So busy, no time even to sit here and tell you about it. Nothing special, just the usual - work, family, house, friends, stuff. It's all great, and it all feels a bit too much sometimes.

Had a sleepover with Eli this week, most importantly, as brother Ben was sick. On the streetcar back to my house, he looked at me seriously. "Glamma, is it today or tomorrow?"
How to answer such an existential question?
We decided to plant his little garden, as we did last year. What did he want to grow? "Strawberries," he said, after careful consideration, "and sushi."
Jean-Marc and Richard, who love kids and are wonderful with them, came to visit. JM told Eli they were going to fly home. After they left, he said, "How did those guys fly home? What if they lose their superpowers?” 

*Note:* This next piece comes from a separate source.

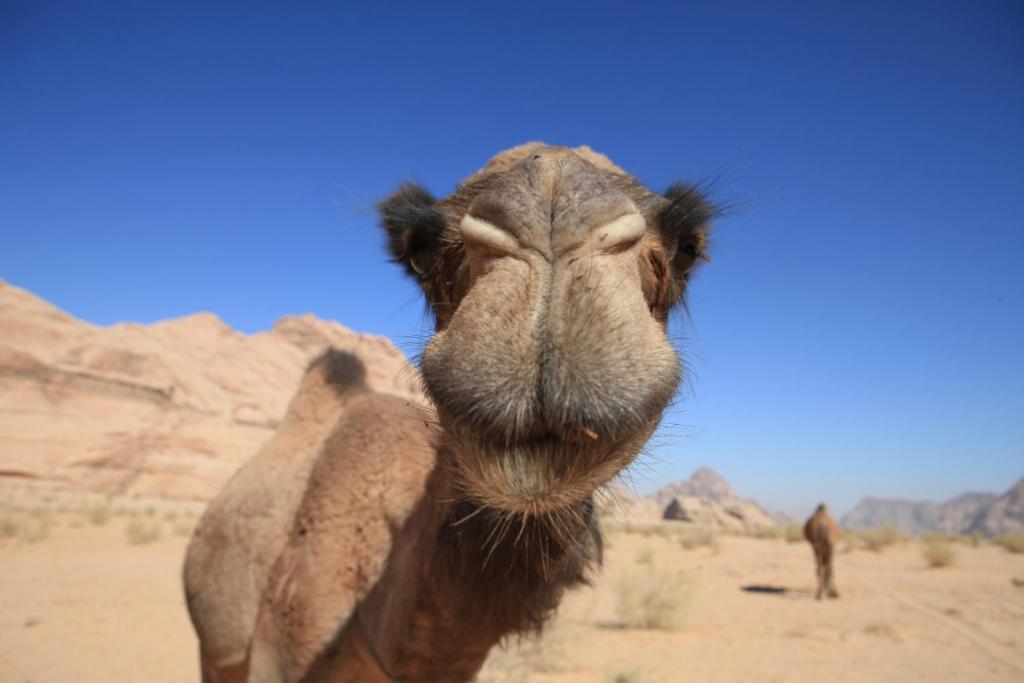 Bedouin Expedition Вади-Рам Экстерьер фото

I realized what a gift it is to spend time with a small child - to enter that world of limitless possibility. I had to keep stopping myself from being rational and a wet blanket - as in the improv exercise, to say "Yes and..." rather than "Yes but..." Go there with him and learn to play once more. At least to get my creaking old self to try. Though in fact, not so creaking - we went to the new Regent Park playground, and I did quite a bit of climbing on the climbing things. That was fun, releasing my inner 4-year old.

When we got back to his place next day, brother Ben was asleep and getting better, under a little blanket Auntie Do knitted for his mother Anna, lo these many years. 
Apparently after I left, Eli said, "I miss Gramma already." And if there's a greater gift than that, I do not know what it is.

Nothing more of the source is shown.